International Diabetes Federation (IDF) melaporakan pada tahun 2020 Indonesia menempati posisi ke-7 sebagai negara dengan pengidap diabetes tertinggi. Hal ini sejalan dengan laporan BPJS Kesehatan bahwa beban pengeluaran untuk penyakit tidak menular sudah semakin besar.
Pada 2017, BPJS Kesehatan telah melindungi 10,8 Juta orang atau 5,7 persen peserta Jaminan Kesehatan Nasional (JKN) dengan membayari layanan penyakit katastropik ini. Dan total dana hingga Rp 14,6 triliun atau 21,8 persen dari total anggaran pelayanan kesehatan. Apabila dibandingkan pada tahun 2016, penyakit diabetes telah menghabiskan dana Rp7,7 triliun.
Pemerintah Indonesia telah melaksanakan berbagai intervensi untuk mengontrol laju kenaikan diabetes tersebut, seperti memberikan anjuran dalam batasan konsumsi gula 54-gram sehari. Intervensi tersebut menandakan bahwa pemerintah Indonesia sudah sadar bahwa tingginya konsumsi minuman berpemanis memengaruhi kesehatan termasuk tingginya penyakit diabetes. Namun, intervensi terhadap tingginya penjualan minuman berpemanis di sektor industri masih belum dilakukan.
Melihat problematika ini, Pusat Kebijakan Manajemen Kesehatan (PKMK) FKKMK UGM mengeluarkan dokumen kebijakan guna mengatasi masalah yang ditimbulkan oleh konsumsi minuman berpemanis. Salah satu opsi yang disajikan di dokumen kebijakan tersebut ialah pilihan untuk menerapkan kebijakan fiskal untuk mendorong perubahan perilaku dalam mengonsumsi produk yang lebih sehat. Sesuai rekomendasi dari WHO, dokumen ini merupakan rekomendasi untuk pemerintah agar menetapkan kebijakan fiskal untuk menjaga pola konsumsi minuman berpemanis di masyarakat.

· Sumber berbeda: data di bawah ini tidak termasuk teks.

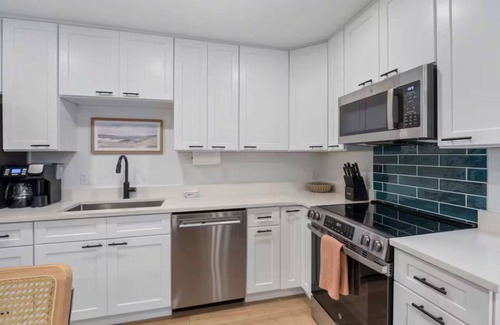 Ono Island House | 7 min from the beach - Charming townhome in a golf course community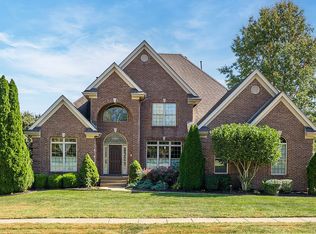 1419 Crosstimbers Dr, Louisville, KY 40245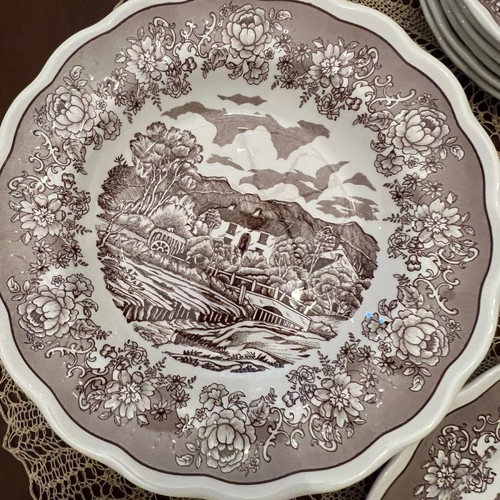 Swiss Landscape 282 dish set used, 6+6+8+2+1 pieces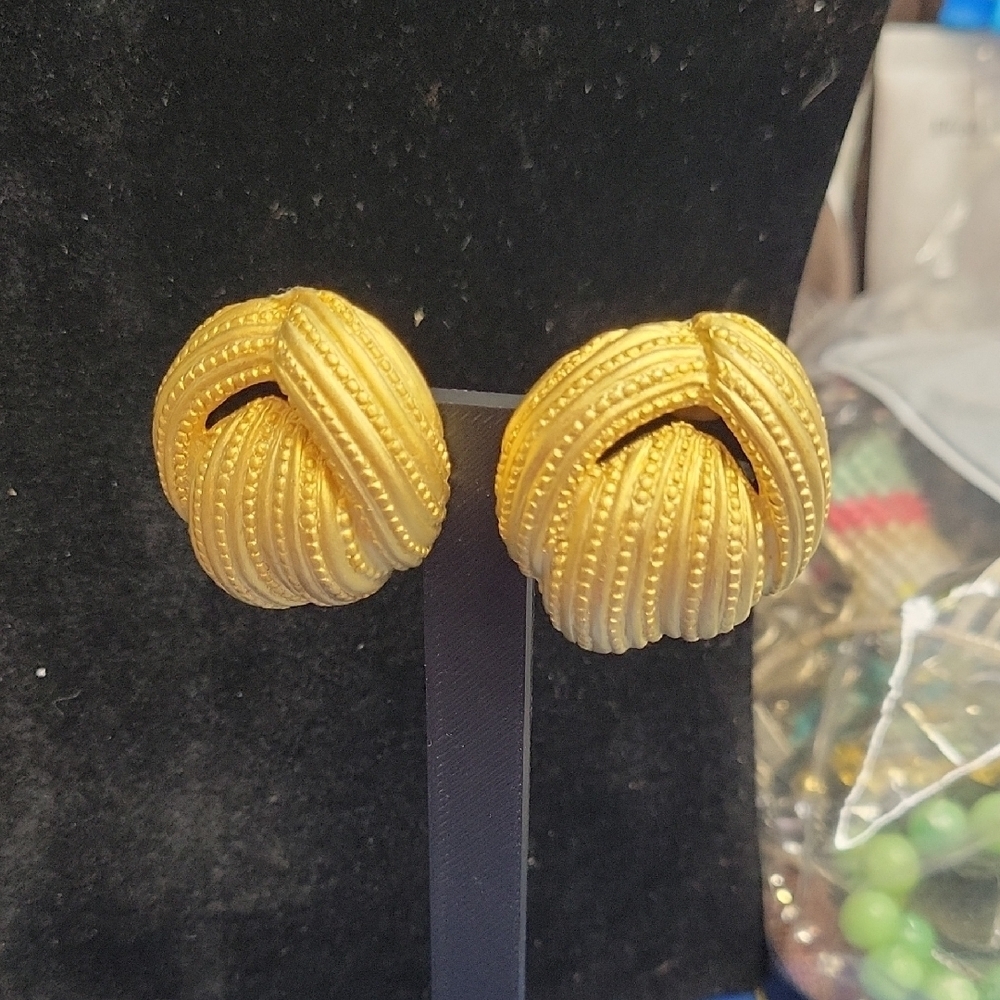 Vintage 1980s Gold Textured Knot Clip On Earrings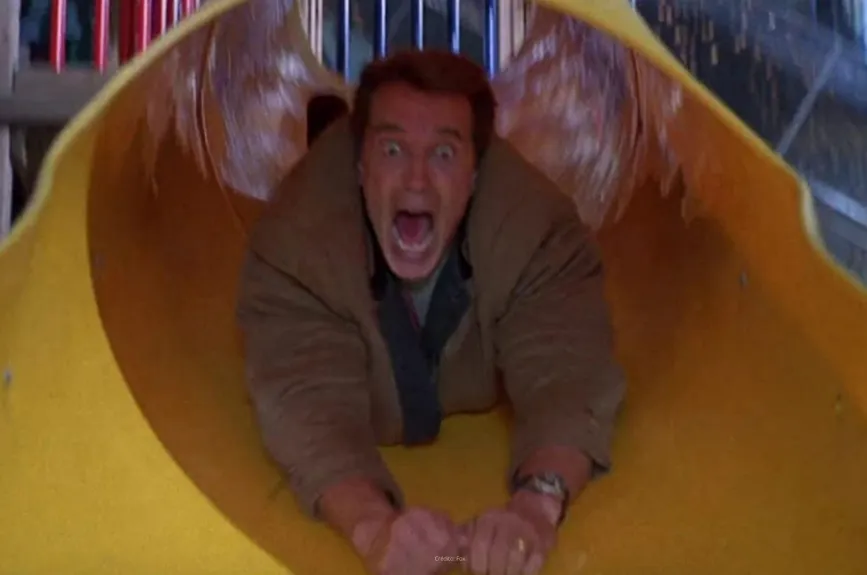 Escena de la película ‘El Regalo Prometido’ (Jingle All The Way) por Azteca 7.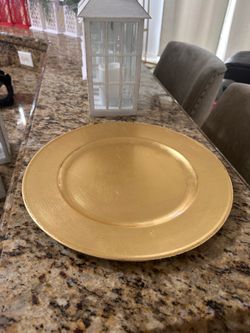 190 Gold Charger Plates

Kebijakan fiskal tersebut dapat berupa penerapan pajak untuk minuman berpemanis pada takaran gula tertentu dan nilai pajak tersebut dapat bersifat progresif. Negara Asia Tenggara seperti Thailand, Filipina, Malaysia, dan Singapura telah menerapkan pajak tersebut dengan berbagai variasi. Indonesia sebenarnya telah mencoba untuk menerapkan kebijakan ini pada tahun 2011 dan 2014. Namun, upaya tersebut gagal karena tidak mendapatkan dukungan penuh dari semua kementerian.

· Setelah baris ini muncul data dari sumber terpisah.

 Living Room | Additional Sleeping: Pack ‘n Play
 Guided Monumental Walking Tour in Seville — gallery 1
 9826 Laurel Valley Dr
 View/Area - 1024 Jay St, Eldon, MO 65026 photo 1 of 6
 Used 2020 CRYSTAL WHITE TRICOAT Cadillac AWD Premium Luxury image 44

Pada tahun 2021 ini, Menteri Keuangan, Sri Mulyani Indrawati, kembali mengeluarkan wacana penerapan cukai pada minuman berpemanis di hadapan Komisi XI DPR RI. Kebijakan tersebut tepat dilakukan untuk mengurangi tingginya konsumsi minuman berpemanis masyarakat Indonesia yang telah mencapai 20,23 liter per orang dan menempati posisi ketiga di Asia Tenggara.

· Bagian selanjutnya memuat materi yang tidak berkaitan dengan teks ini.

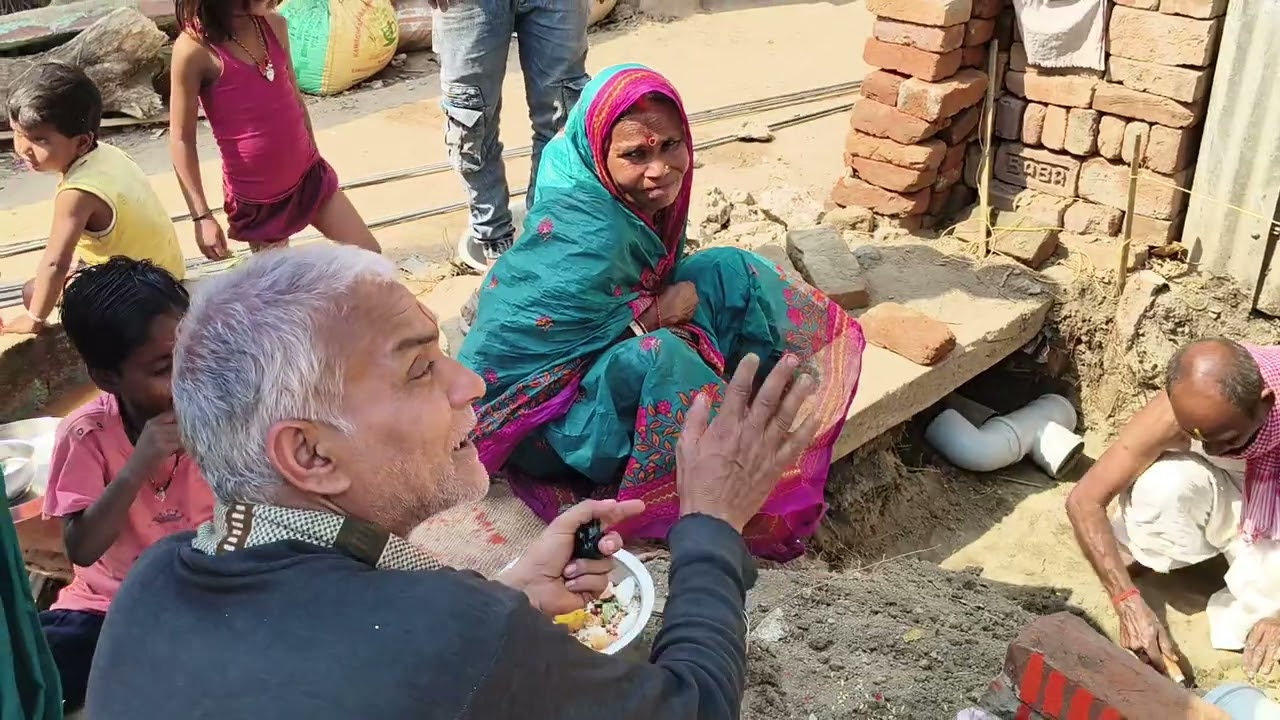 अपने नये मकान का न्यु देते हुए पापा जी और माँ दिनांक03/03/2026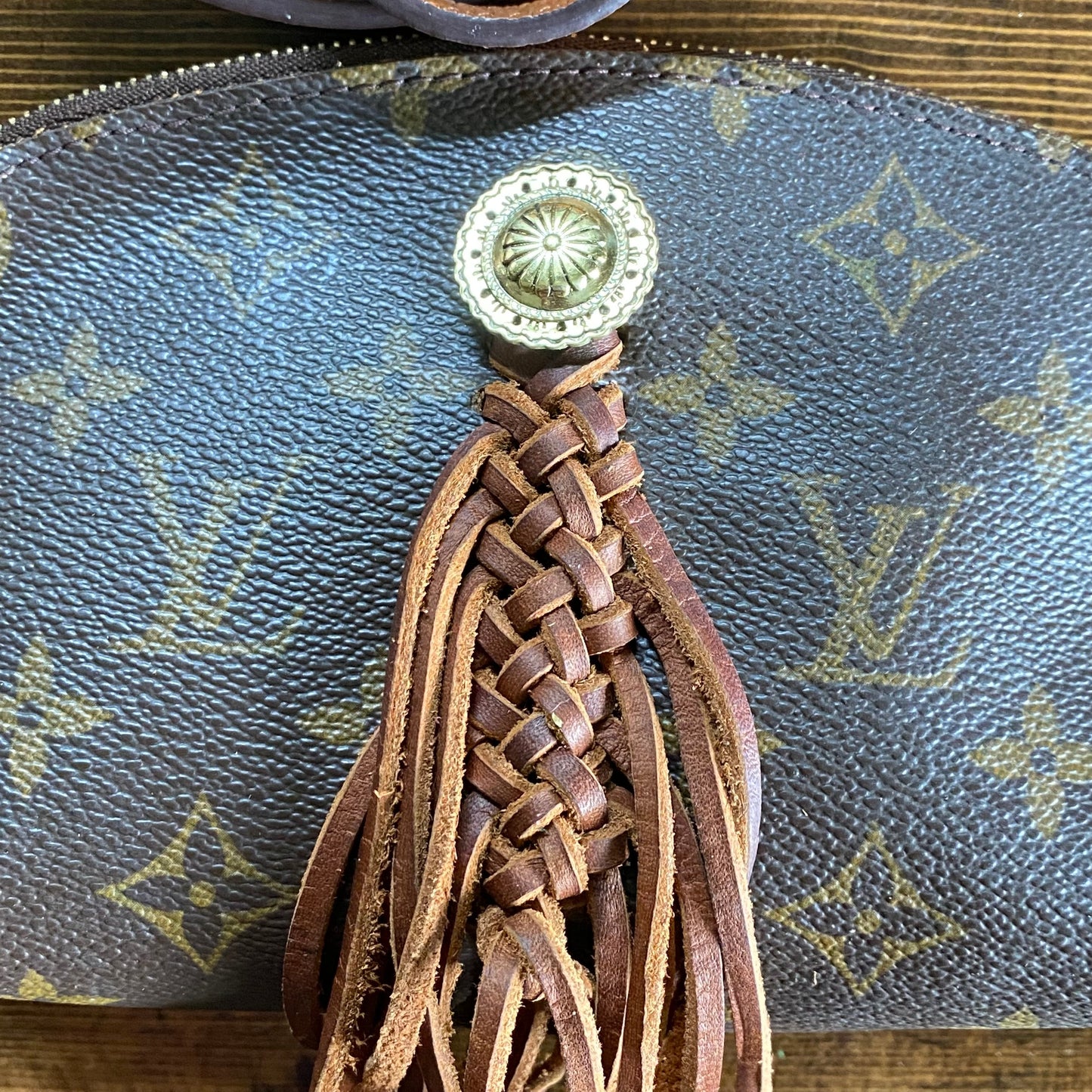 The Junco -Orvis bags Monogram in Brown Crossbody Bag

Menurut Relmbuss Fanda, Peneliti PKMK UGM yang turut menyusun dokumen kebijakan tadi, WHO melaporkan bahwa pengenaan pajak atas minuman berpemanis merupakan intervensi yang efektif untuk mengurangi konsumsi gula. Bukti menunjukkan bahwa pajak minuman berpemanis yang menaikkan harga sebesar 20 persen dapat menyebabkan penurunan konsumsi sekitar 20 persen sehingga mencegah obesitas dan diabetes.
Fanda juga menyebut sebuah studi lain turut menunjukkan bahwa penerapan kebijakan fiskal menghasilkan manfaat kesehatan yang substansial dan menghemat biaya perawatan kesehatan. “Biaya perawatan kesehatan bahkan bisa lebih dihemat lebih dari 24 kali lipat dari biaya pelaksanaan pajak minuman manis,” ujarnya.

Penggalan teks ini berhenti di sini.